Actualmente se dispone de pruebas convincentes de que existe un movimiento de deriva continental. El movimiento de África y América alejándose un continente de otro es el ejemplo más conocido hasta la fecha. Algunas teorías mencionan el hecho de que la fuerza de impulso de la deriva continental y de la evolución del interior de nuestro planeta se hallan correlacionadas, por ejemplo, mediante corrientes de difusión de calor que circulan lentamente entre el núcleo y la corteza en el manto. Tales conexiones entre geología de superficie y el interior de los planetas están empezando a destacar en el estudio de otros astros. Ponemos a prueba nuestra comprensión de tales relaciones demostrando si pueden aplicarse a otro lugar cualquiera.
Las perspectivas que se han conseguido en esta clase de estudios proporcionan una amplia gama de consecuencias prácticas. Una generalización de la ciencia meteorológica puede conducir a grandes mejoras en el pronóstico del tiempo. Incluso podría conducir a la modificación del tiempo. El estudio de la atmósfera de Venus ya ha dado lugar a la teoría de que allí está teniendo lugar un efecto de «invernadero» descontrolado, un equilibrio inestable en el cual un aumento de la temperatura provoca un aumento del contenido de vapor de agua atmosférico, que a su vez provoca absorción infrarroja de la radiación térmica del planeta llevando a un incremento aún mayor en la temperatura de la superficie, y así sucesivamente. Si la Tierra hubiese iniciado su recorrido ligeramente más cerca del Sol de lo que lo ha hecho, los cálculos teóricos preliminares indican que habríamos terminado por ser otro marchito y agostado Venus. Pero vivimos una época en la que la atmósfera de la Tierra está siendo fuertemente modificada por el hombre.

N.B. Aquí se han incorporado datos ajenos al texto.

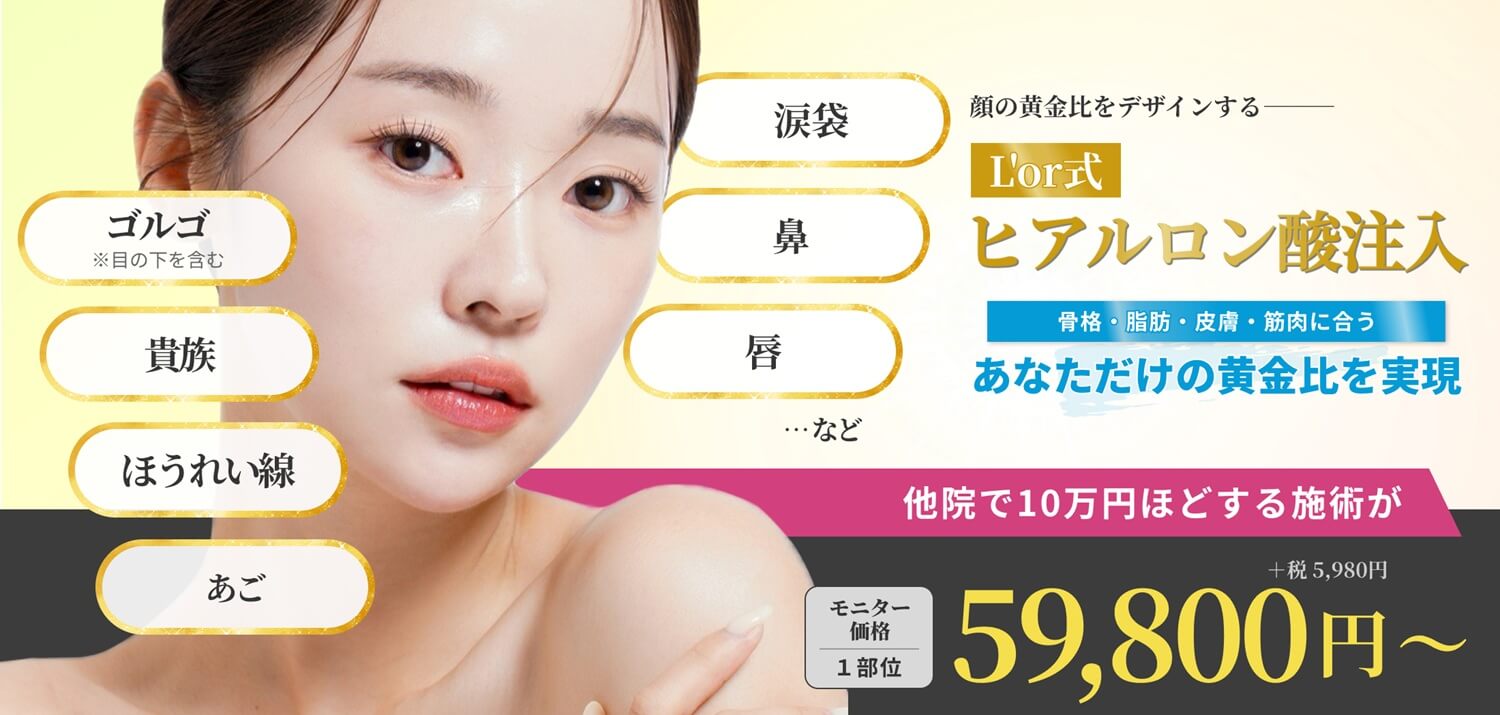 L'or式ヒアルロン酸注入－涙袋、ゴルゴ（※目の下を含む）、鼻、貴族、ほうれい線、唇、あご、など。他院で10万円ほどする施術がモニター価格（1部位）59,800円(＋税5,980円)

Es de primordial importancia comprender lo que ha sucedido a Venus, con objeto de poder evitar una reproducción accidental en la Tierra del invernadero descontrolado de Venus.
Los estudios de las superficies e interiores de los planetas pueden dar lugar realmente a beneficios prácticos en el pronóstico de terremotos así como, a largo plazo, en las prospecciones geológicas de minerales valiosos en la Tierra.
La revolución que en el plano biológico supondría el descubrimiento de vida natural en otros lugares también proporcionaría unas enormes posibilidades de insospechados beneficios prácticos, particularmente en lo concerniente a la investigación del cáncer y del envejecimiento, temas que en la actualidad están más limitados por las ideas que por los medios económicos.
El estudio de la materia altamente condensada en las estrellas neutrones y la fabulosa producción de energía en los centros de galaxias ya han conducido a sugerencias sobre posibles modificaciones de las leyes de la física, leyes que se deducen en la Tierra para explicar los fenómenos observados en la misma.
La exploración del espacio proporcionará, inevitablemente, un rico y enorme conjunto de beneficios prácticos. Pero la historia de la ciencia sugiere que el más importante de todos ellos será siempre inesperado, beneficios que, en la actualidad, aún no somos suficientemente aptos para pronosticar o anticipar.